09-05-2014, 05:51 PM
once i got past the first stanza the poem came to life with it's depiction of death i think you could do a lot better with the first stanza if you take the route of the rest the poem. for some reason the first seems to be trying to hard to be poetical. all in all a good read. i did see todd's suggestion of losing the first stanza and while i agree that it wouldn't harm the poem i would like to see it replaced so the poem has more depth and continuity.
(09-05-2014, 02:50 PM)makeshift Wrote: Myriads of sprites suck life Myriads of sprites doesn't feel right. use a word like armies or hoards, something that generates a bit of gnoshing and gnashing. not sure life is needed either
from the underbellies of moist deadfall
like farrows crowded beneathÂ
pink mother mounds.
The wind hears the pulse of wooden giants, this line is excellent. it reminds me of the trees in LOTR
and passes the message a long along
to leaves, and clouds, and glass
that peers past facades into the corners is [the needed?]
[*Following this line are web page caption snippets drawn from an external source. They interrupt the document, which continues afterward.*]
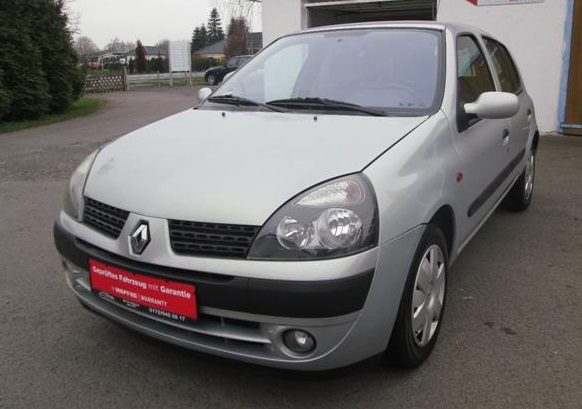 lhd RENAULT CLIO (01/10/2001) - 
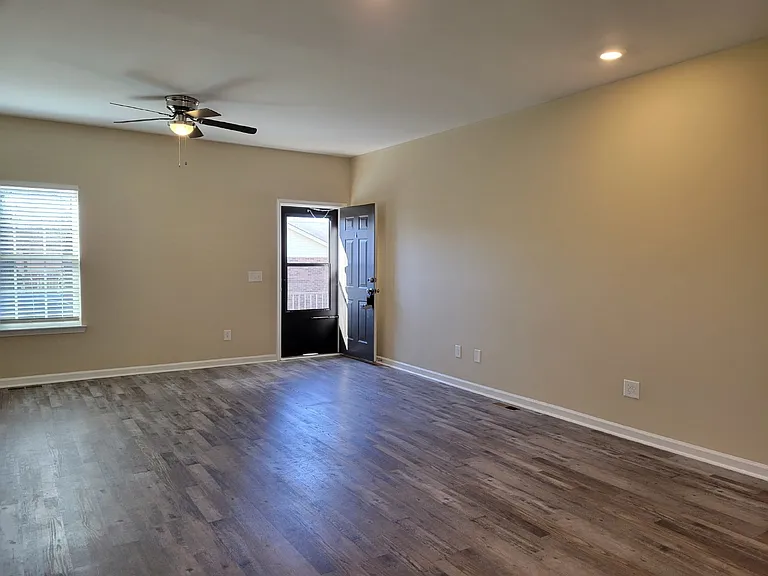 111 Calista Rd — Photo 5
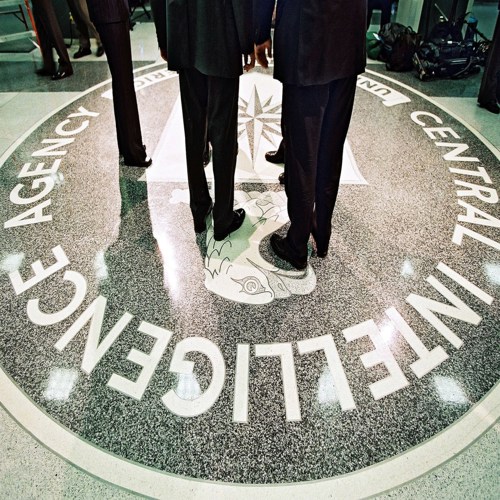 Thượng nghị sĩ cảnh báo mới về 'hoạt động của CIA' và giám sát bí mật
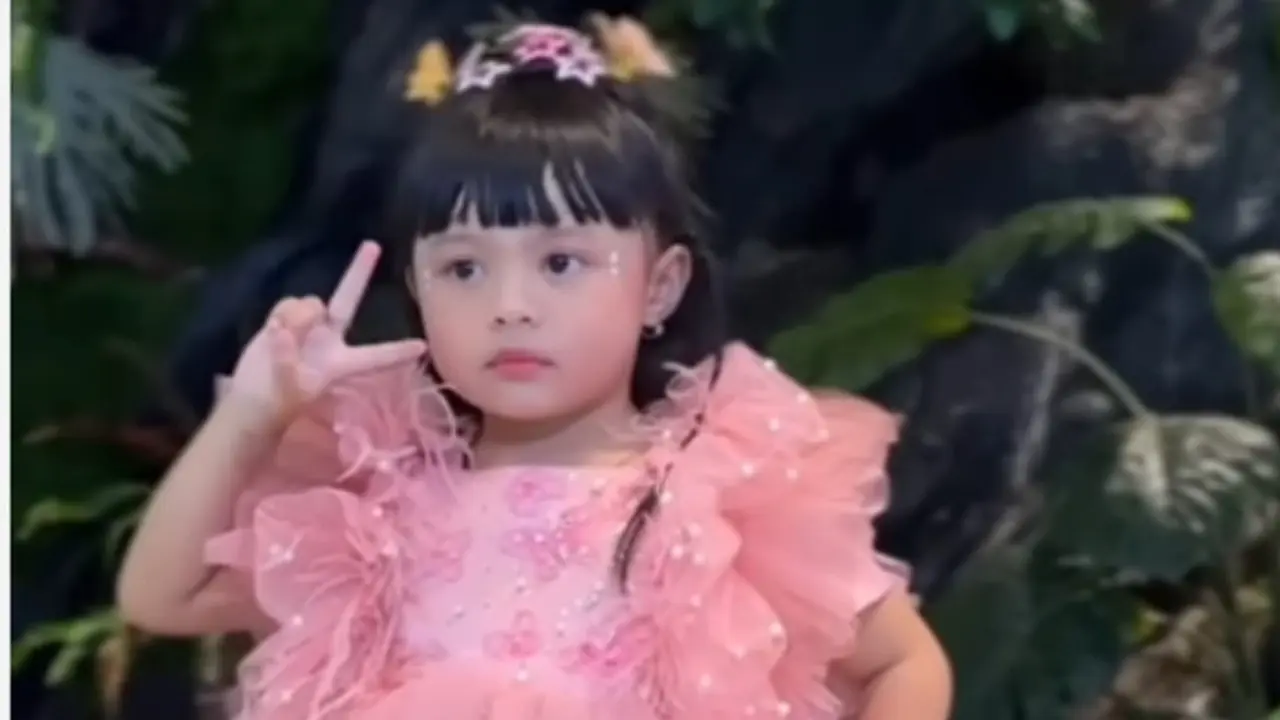 Momen Ameena Nyanyi di Atas Panggung (Foto: Instagram @aurelie.hermansyah/@attahalilintar/@ameenaatta)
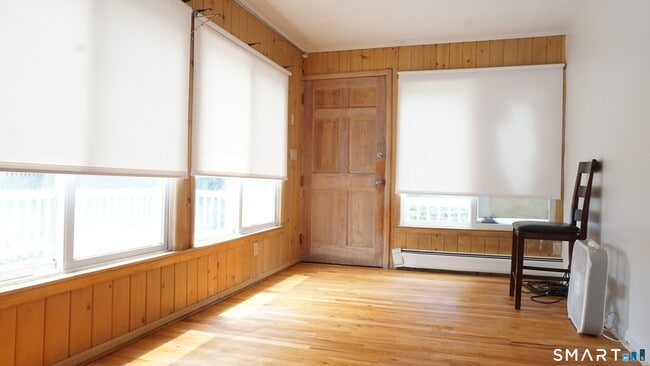 Photo - 72 Noble St Unit Back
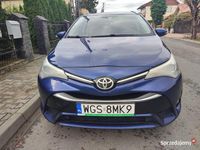 używany Toyota Avensis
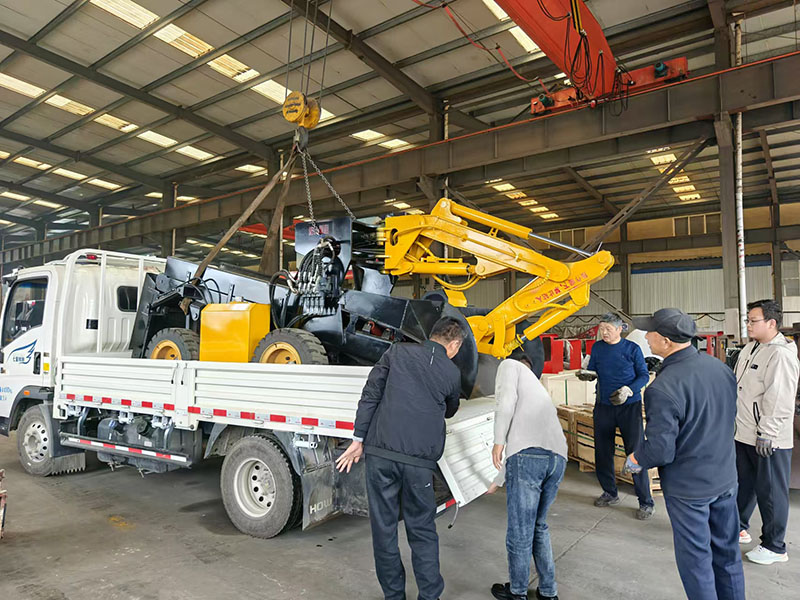 矿用挖掘式装载机（扒渣机）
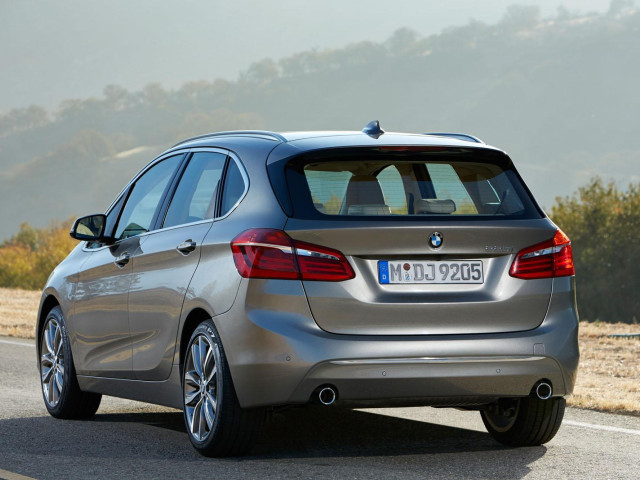 BMW 2-series Active Tourer фото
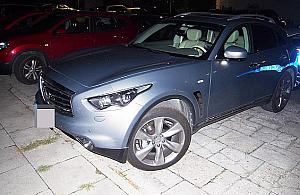 Przyłapany na gorącym uczynku. Bezczelna kradzież na parkingu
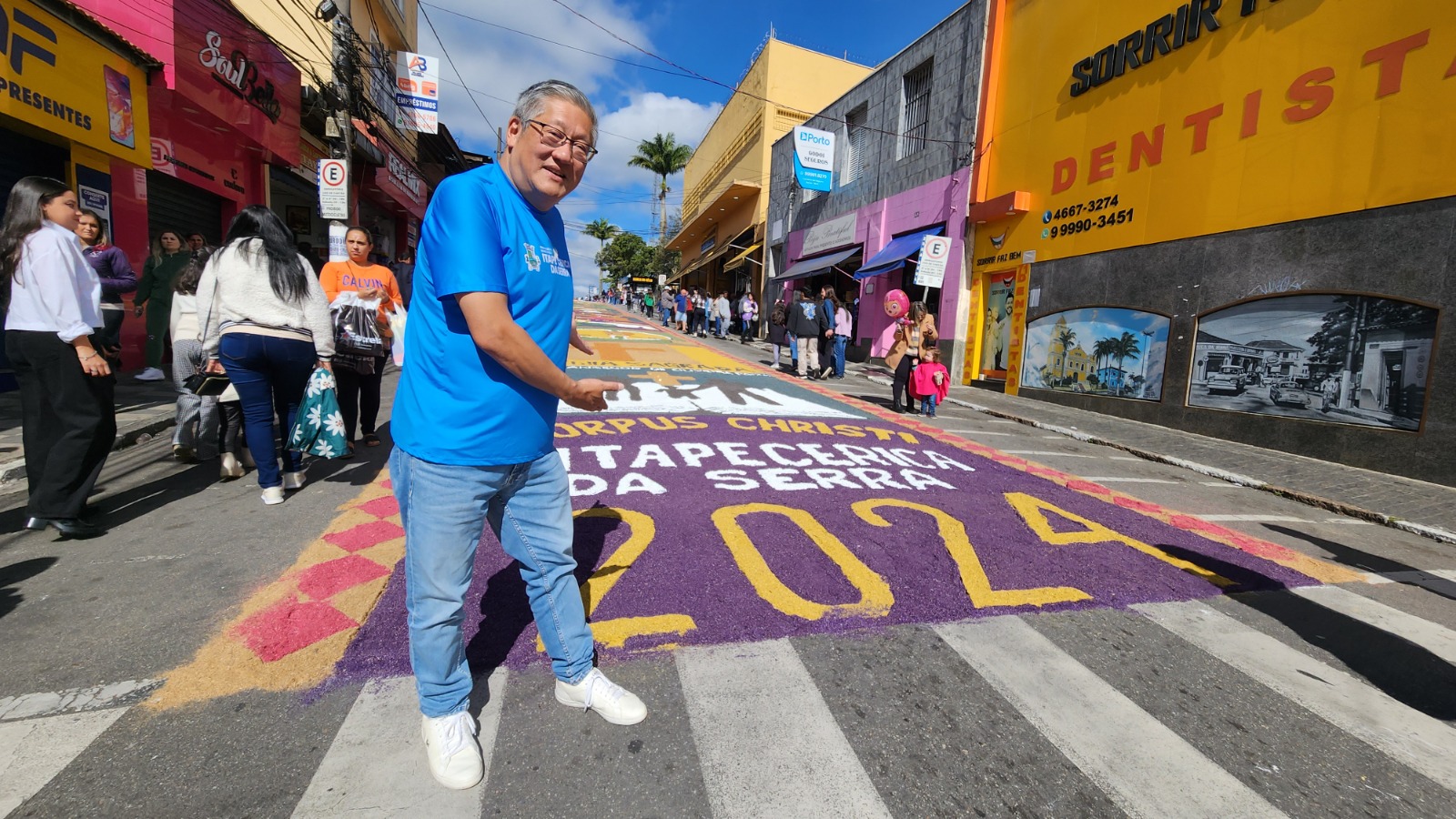 Francisco Nakano posa ao lado dos tapetes de serragem em Itapecerica da Serra (Foto: Divulgação/Prefeitura de Itapecerica da Serra)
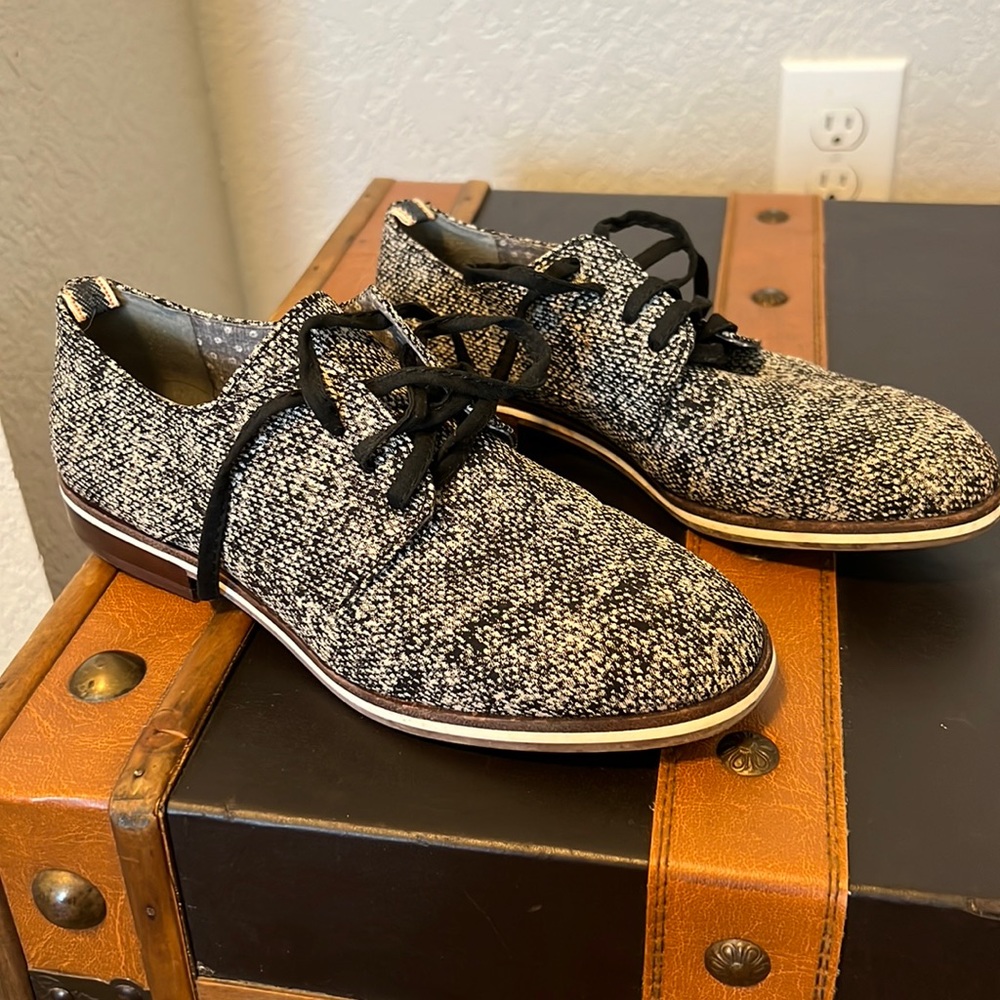 Ellen DeGeneres Oxford loafers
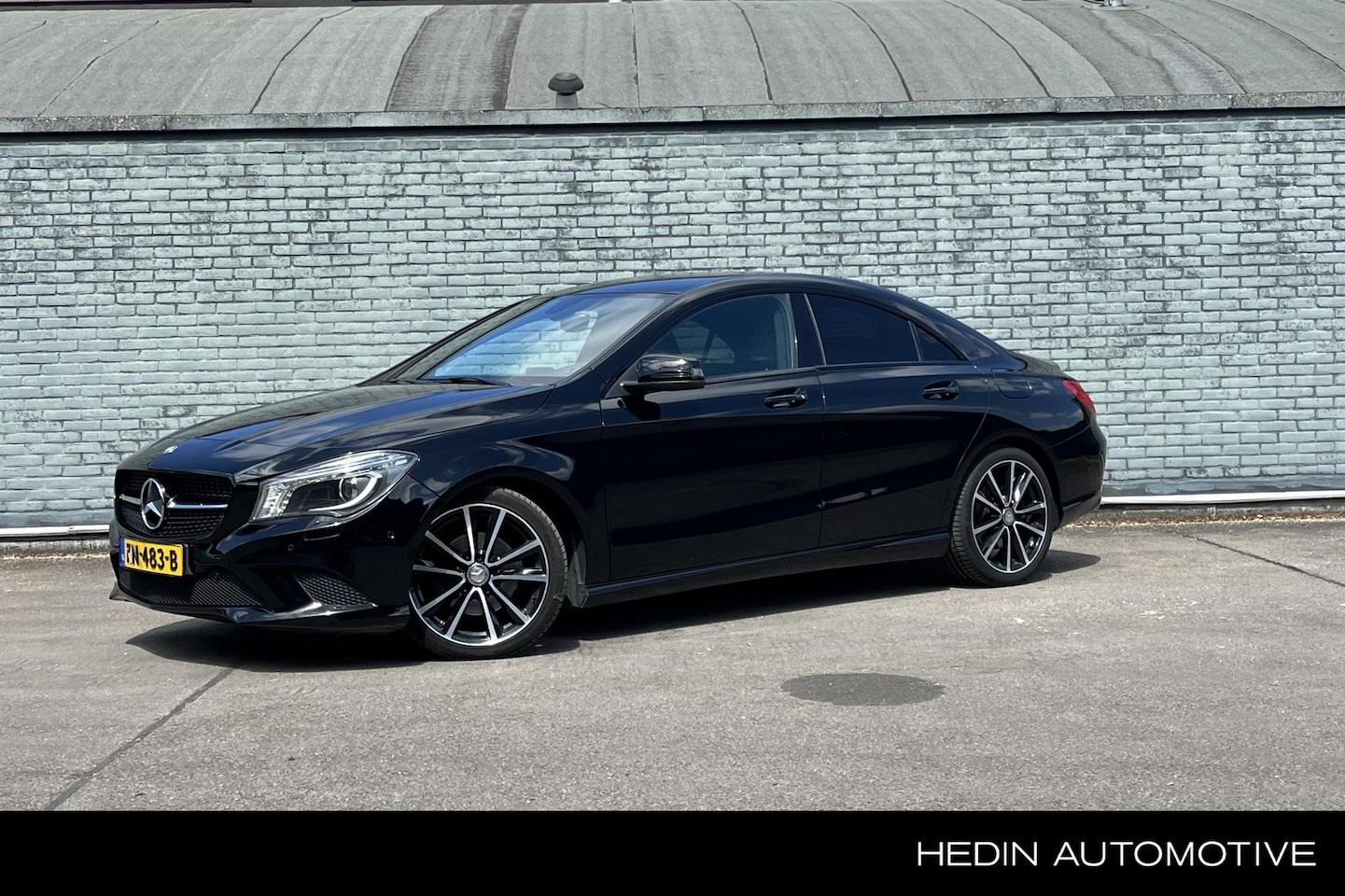 Mercedes-Benz CLA-Klasse - CLA 180 Coupé Urban Line | Nightpakket | Parkpilot | Bi-Xenon | Stoelverwarming | Zitcomfo - AutoWereld.nl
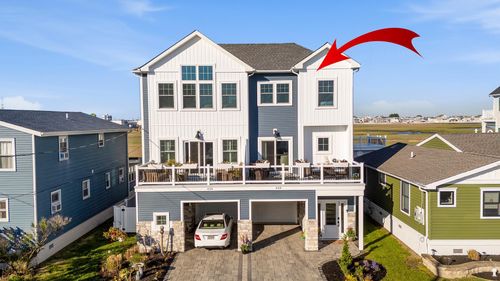 428-428 W 19th Ave, North Wildwood, NJ, 08260-2630 | Card Image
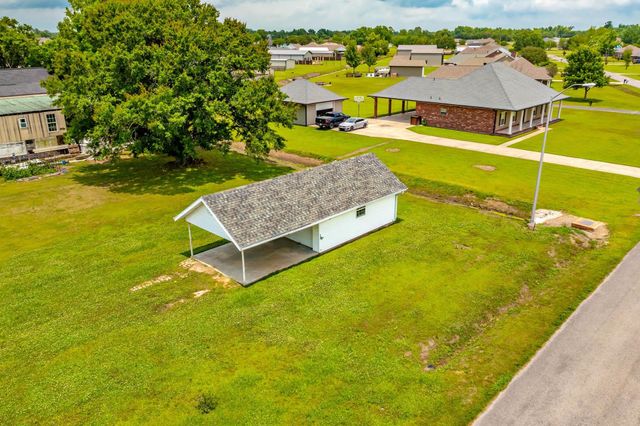 4109 Bayouside Dr, Houma, LA 70363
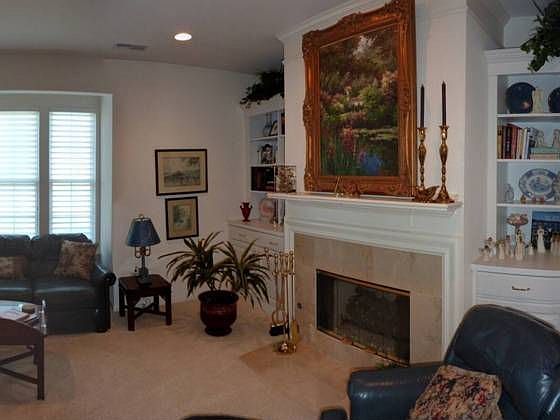 1st image of 13098 Farm Hill Dr
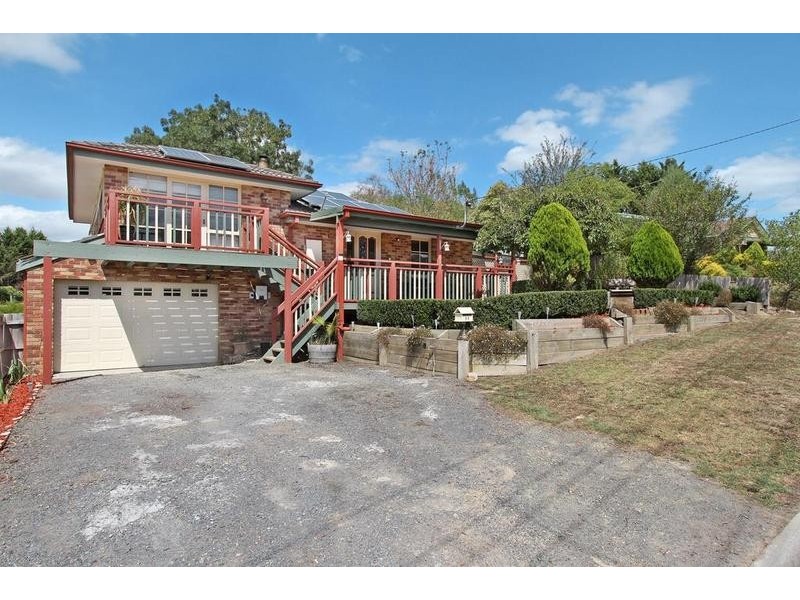 11 Eileen Grove, Woori Yallock VIC 3139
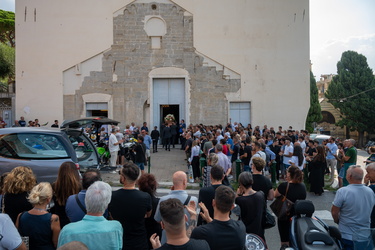 Genova, Nervi - chiesa di San Siro - funerale ragazzo 22enne sco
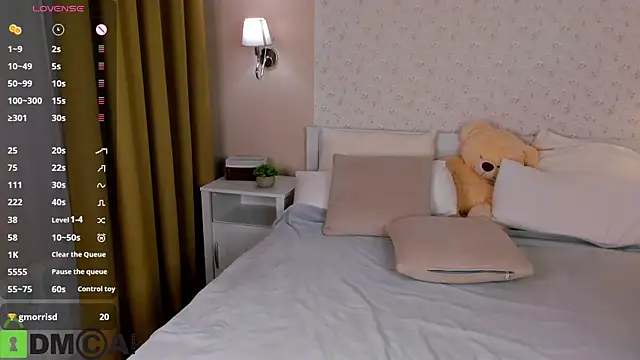 Jennifer Wadee online show from May 2026 12:18:01 AM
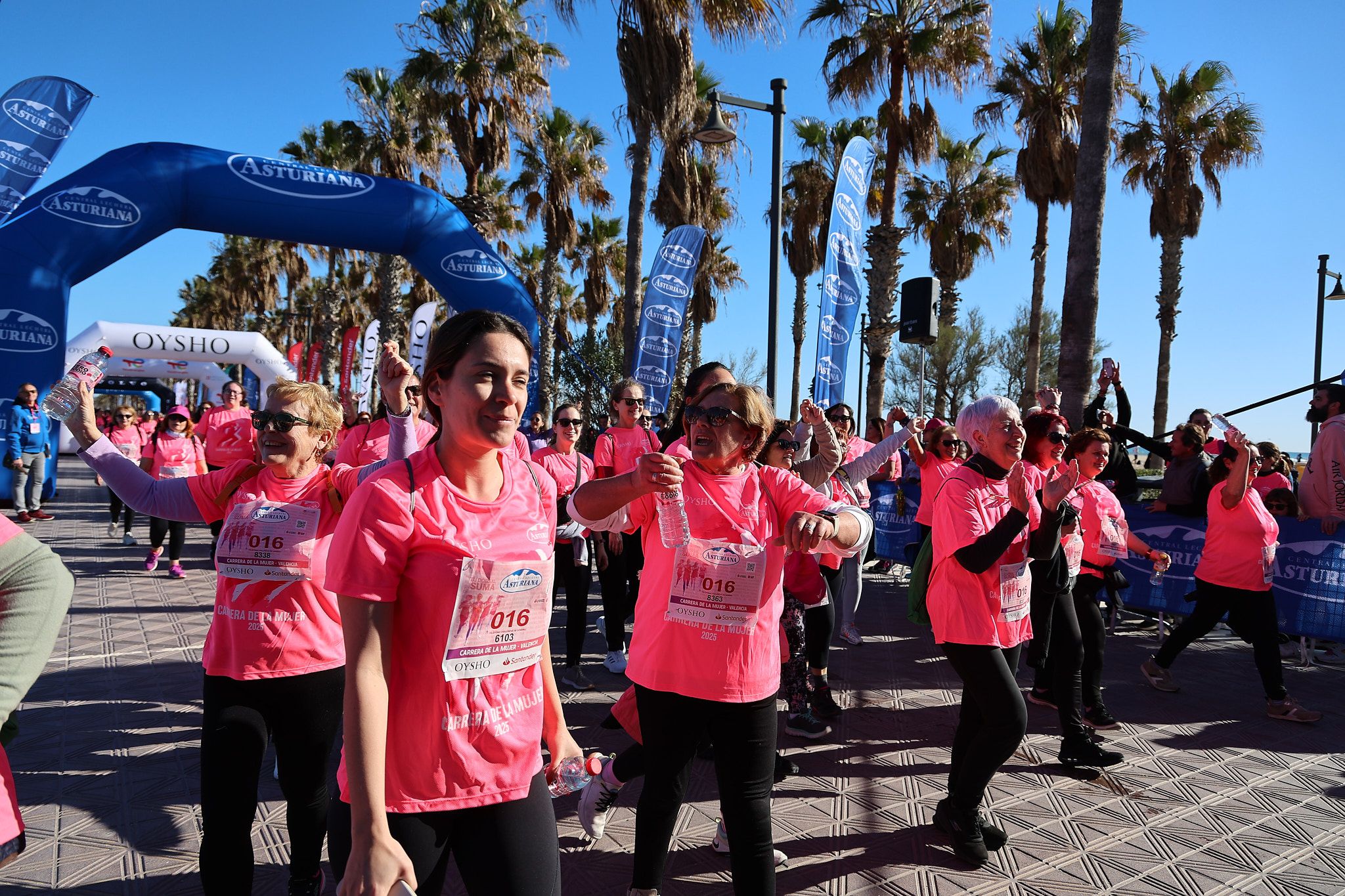 Las mejores fotos de la Carrera de la Mujer Central Lechera Asturiana de Valencia 2025. 1090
of young children's rooms.
Soon teachers will whisper
the hearts out of dirt, excellent. it shows we often lose something of nature as we get older and more educated.
and grass, and children
will forget the wind's words.
A coon succumbs to duality,
but on the way up
his soul gets snagged on a plastic bag, i can't help but see a connection between coon and soul and it's not the connection you intended. is coon short for racoon? if so it would cut away my ambiguity and racist thoughts. though it is a good finishing stanza. the plastic bag/ beer can work well in showing us that these things shouldn't happen and that the environment/nature is important
and his body sinks in to a sun
bleached beer can some one didn't think to throw away.